Patients with
schizophrenia show increased striatal
dopamine synthesis capacity in imaging studies. The mechanism underlying this is unclear but may be due to
N-methyl-D-aspartate receptor (NMDAR) hypofunction and
parvalbumin (PV) neuronal dysfunction leading to disinhibition of mesostriatal dopamine neurons. Here, we develop a translational mouse model of the
dopamine pathophysiology seen in
schizophrenia and test approaches to reverse the
dopamine changes. Mice were treated with sub-chronic
ketamine (30 mg/kg) or saline and then received in vivo positron emission tomography of striatal
dopamine synthesis capacity, analogous to measures used in patients. Locomotor activity was measured using the open-field test. In vivo cell-type-specific chemogenetic approaches and pharmacological interventions were used to manipulate neuronal excitability. Immunohistochemistry and
RNA sequencing were used to investigate molecular mechanisms. Sub-chronic
ketamine increased striatal
dopamine synthesis capacity (Cohen's d = 2.5) and locomotor activity. These effects were countered by inhibition of midbrain dopamine neurons, and by activation of PV interneurons in pre-limbic cortex and ventral subiculum of the hippocampus. Sub-chronic
ketamine reduced PV expression in these cortical and hippocampal regions.

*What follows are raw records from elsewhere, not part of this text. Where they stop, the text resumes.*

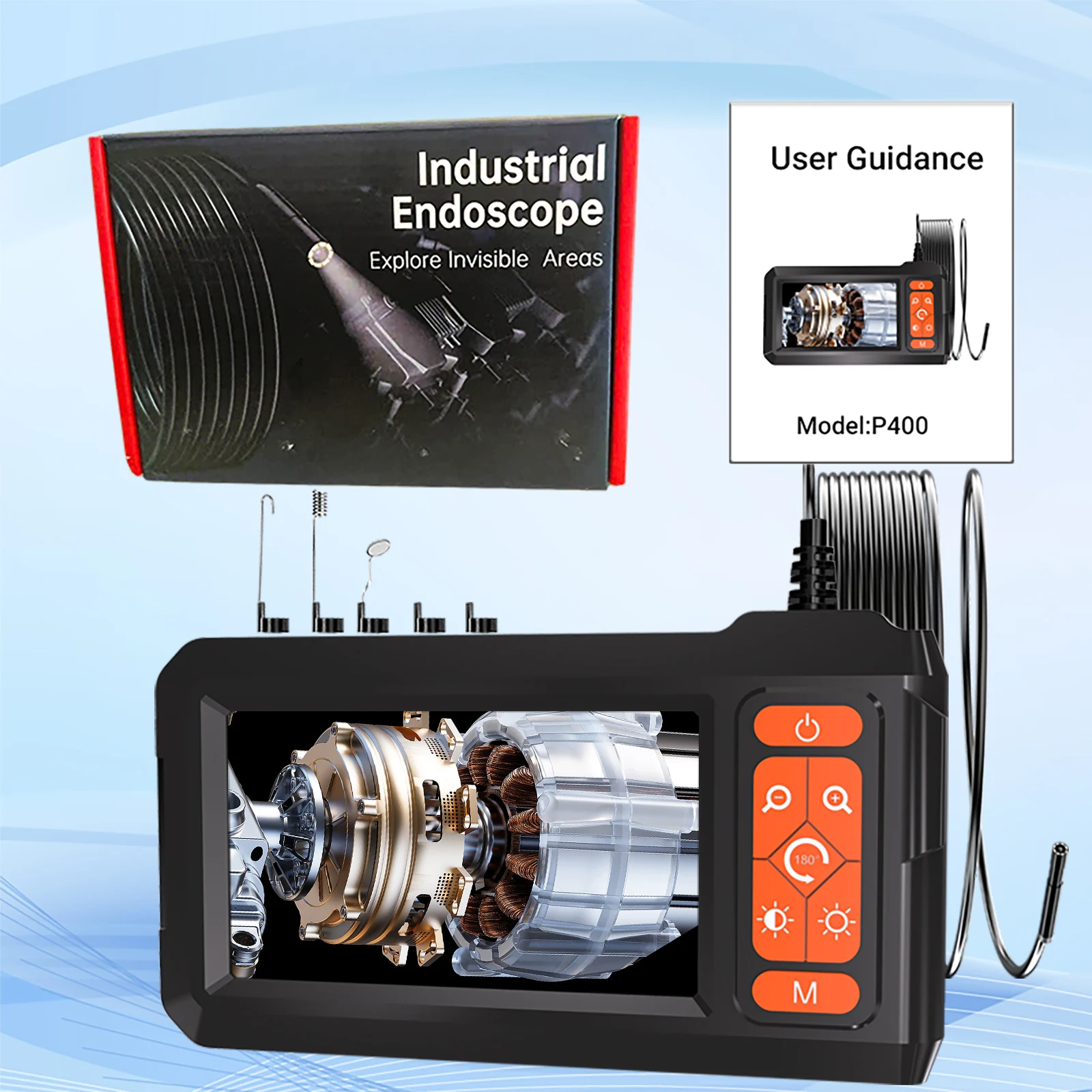 المنظار الصناعي 8 مللي متر 1080P HD 4.3 بوصة LCD كاميرا فحص Borescope الرقمية IP67 كاميرا ثعبان مقاومة للماء مع 8 مصابيح LED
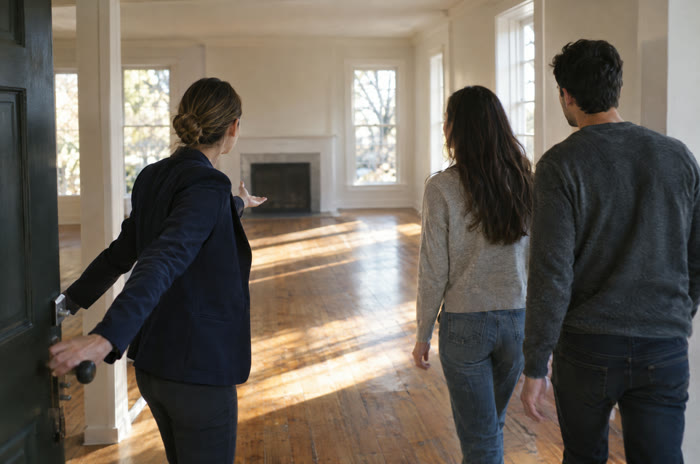 An agent showing a couple into an empty, sunlit house.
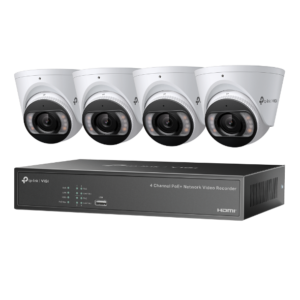Alternative view of KIT NVR + HDD 2TB POE TP-Link VIGI 4 canale + 4 camere 4MP, Lentila 2.8, IR+WL 30ML Turret, NVR TP-Link VIGI 4 canale, 53W 1004H; 8MP, 1SATA Interface, max 10TB, H.265+; ONVIF,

Pharmacological intervention with
SEP-363856, a novel psychotropic agent with agonism at
trace amine receptor 1 (TAAR1) and 5-HT1A receptors but no appreciable action at
dopamine D2 receptors, significantly reduced the
ketamine-induced increase in
dopamine synthesis capacity. These results show that sub-chronic
ketamine treatment in mice mimics the dopaminergic alterations in patients with
psychosis, that this requires activation of midbrain dopamine neurons, and can be ameliorated by activating PV interneurons and by a TAAR1/
5-HT1A agonist. This identifies novel therapeutic approaches for targeting presynaptic
dopamine dysfunction in patients with
schizophrenia and effects of
ketamine relevant to its
therapeutic use for treating major depression.